John Galliano is no longer interested in being The Latest Thing. He’s committed to the timelessness of couture.  
Maison Margiela Artisanal Spring/Summer 2017 | Source: InDigital.tv
By
  • Tim Blanks

PARIS, France — John Galliano took on a huge subject with his Artisanal collection for Maison Margiela: the way that "reality" is now veiled in a technological farrago, left wide open to interpretations as ludicruous as "alternative facts." Next stop, the renaissance of the Flat Earth Society. Those specific lunacies wouldn't have been on his mind when he was working on the collection, but he offered a very convincing, eerily beautiful and ultimately uplifting refutation in clothing.

Essence: that was the core. The truth of clothes, distilled to their skeletal being. Galliano called this peeling process décortiqué. He's always been good with a French turn of phrase. Like boulversé, the notion of topsy-turvy which has served him incredibly well over the years. That worked here as well, the way that a tweed jacket and a bias-cut crepe skirt were matched. "Fusing memories," Galliano called it. Or, as the back of one look announced, in naïve embroidery, "Things you can't believe."

That message might seem out of touch with a season whose hunger for the rational is glaring, but the collection’s emphasis on craft was utterly in keeping with the reverence for the hand that currently motivates fashion’s most interesting creators. The most fabulous thing Galliano said in his pressnotes was that this was a type of “modern-day folklore.”

It was there in the embroidery, the stitching, the errant composition of the looks.

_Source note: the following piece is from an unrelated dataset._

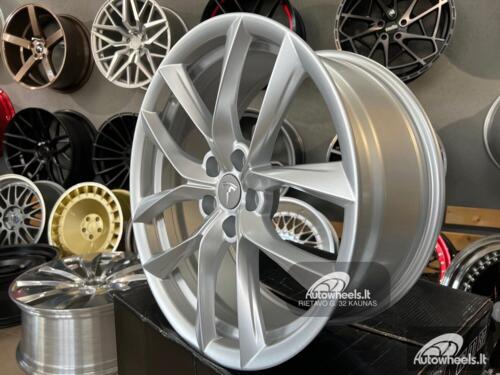 Ratlankis Tesla Model 3 5552 style 19X8.5J 5X114.3 ET35 64.1 Silver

Joan Baez crooned Diamonds and Rust on the soundtrack to make the point even sharper. That aural detail pulls you up sharp, makes you realise that John Galliano has absolutely no interest in being The Latest Thing. Been there, done that. 

Instead, he's committed to the timelessness of couture (remember, Artisanal is just that). So, if selfie culture is all about building up a perfect image in the moment, with filters, Galliano deliberately de-filtered his designs. The most perfect moment in the collection was the face constructed in tulle by artist Benjamin Shine, bursting out of a long white coat. Chaos is the new perfection.